In this article, we'll explore how advancements in computing infrastructure and algorithms will impact the potential of AI technologies. To grasp the future of AI and its capabilities, it's essential to first understand the current limitations and how they might be overcome.
Over the past decade, one significant trend in machine learning has been the shift towards edge computing. Edge computing involves running algorithms directly on data-capturing devices like IoT devices. When done effectively, this approach saves costs, reduces bandwidth usage, and minimizes latency.
However, I expect the move towards edge computing to down as we enter the era of generative AI and foundational models, especially in the realm of conversational AI. These new models demand extensive memory and computational resources, making them costly, slow in terms of latency, and unsuitable to run on current generations of edge devices.
These limitations also affect potential business applications. For instance, OpenAI recently introduced GPT-4 turbo, which offers an expanded context window and lower prices. Nonetheless, even with reduced prices, running a single 128k query can cost more than $2. This pricing model would require a high monthly fee for SaaS services or significant limitations.
Generic AI algorithms, like ChatGPT, capable of handling various tasks, may not be as efficient and cost-effective as algorithms optimized for specific use cases. Infrastructure limitations and computing costs are two crucial dimensions influencing AI development.
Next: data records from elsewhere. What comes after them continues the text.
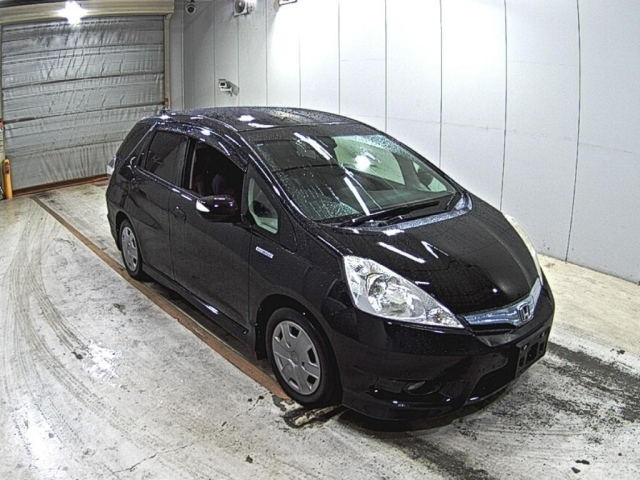 HONDA FIT SHUTTLE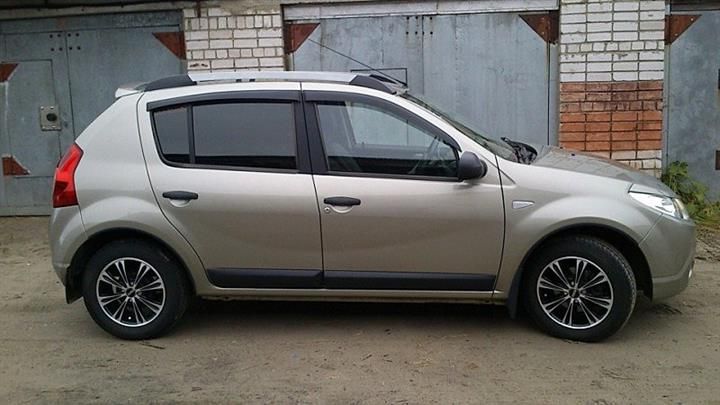 Дефлекторы Cobra Tuning для окон Renault Sandero Stepway I 2007-2012. Артикул R11309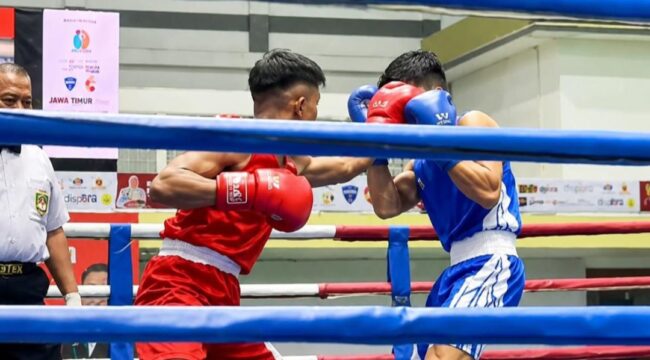 Prajurit KRI Malahayati-362, Serda Kom Asrul Toda, meraih medali perunggu pada Kejuaraan Tinju Piala Wali Kota Surabaya yang berlangsung di GOR Pancasila, Surabaya, Minggu (28/6/2026).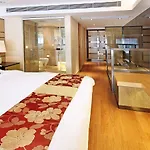 Estay Apartment Poly Central Pivot Gz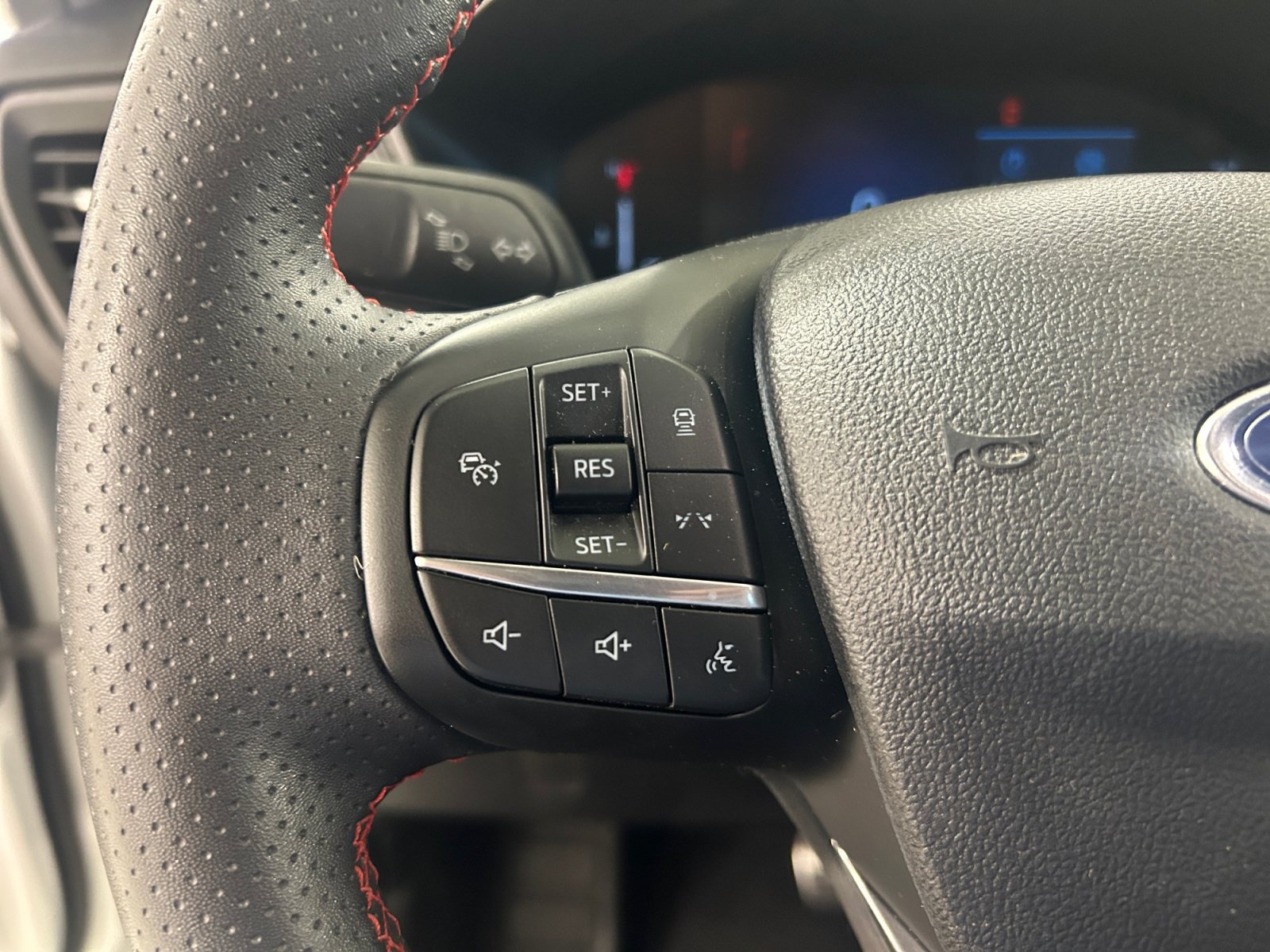 Certified 2024 Ford Escape ST-Line w/ Tech Pack #1 FWD image 16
Looking ahead to the next ten years, we can view AI development as occurring in waves of improvements:
Large waves: These entail the introduction of new algorithms, like transformers, that expand capabilities and require substantial computing infrastructure, often accessible through cloud services.
Small waves: These represent efficiency improvements, such as optimizing existing algorithms, reducing computational requirements, or introducing smaller models tailored for specific use cases.
Massive waves: These are rare and driven by shifts in computing paradigms. Quantum computers are on the horizon and could usher in a new era for AI.
We've recently witnessed a large wave of generative AI. In the next 2-3 years, we anticipate several smaller waves of efficiency improvements in algorithms, infrastructure, and a renewed move toward single-use case models. New AI chips (TPUs, GPUs) may lower the cost of running models, making them more accessible for various business cases.
A few years down the road, we might see new algorithms replacing the current ones, potentially leading to another large wave requiring cloud-based models.
Between five to ten years from now, I expect quantum computers to become more widely available, possibly leading to a new era in AI algorithm capabilities. There was recently an announcement that the supercomputer Lumi, including its quantum computer, is available for any company for research purposes. For the quantum computer to revolutionize AI, they would first have to become mainstream and available at scale through cloud providers. When this happens, expect there to be some interesting new capabilities in AI soon after.
For those devising AI strategies, solely considering the cost of running algorithms may be misguided. Costs have already dropped significantly, and further reductions are to be expected. Waiting until costs are lower is likely be a losing strategy in segments where the competition is fierce.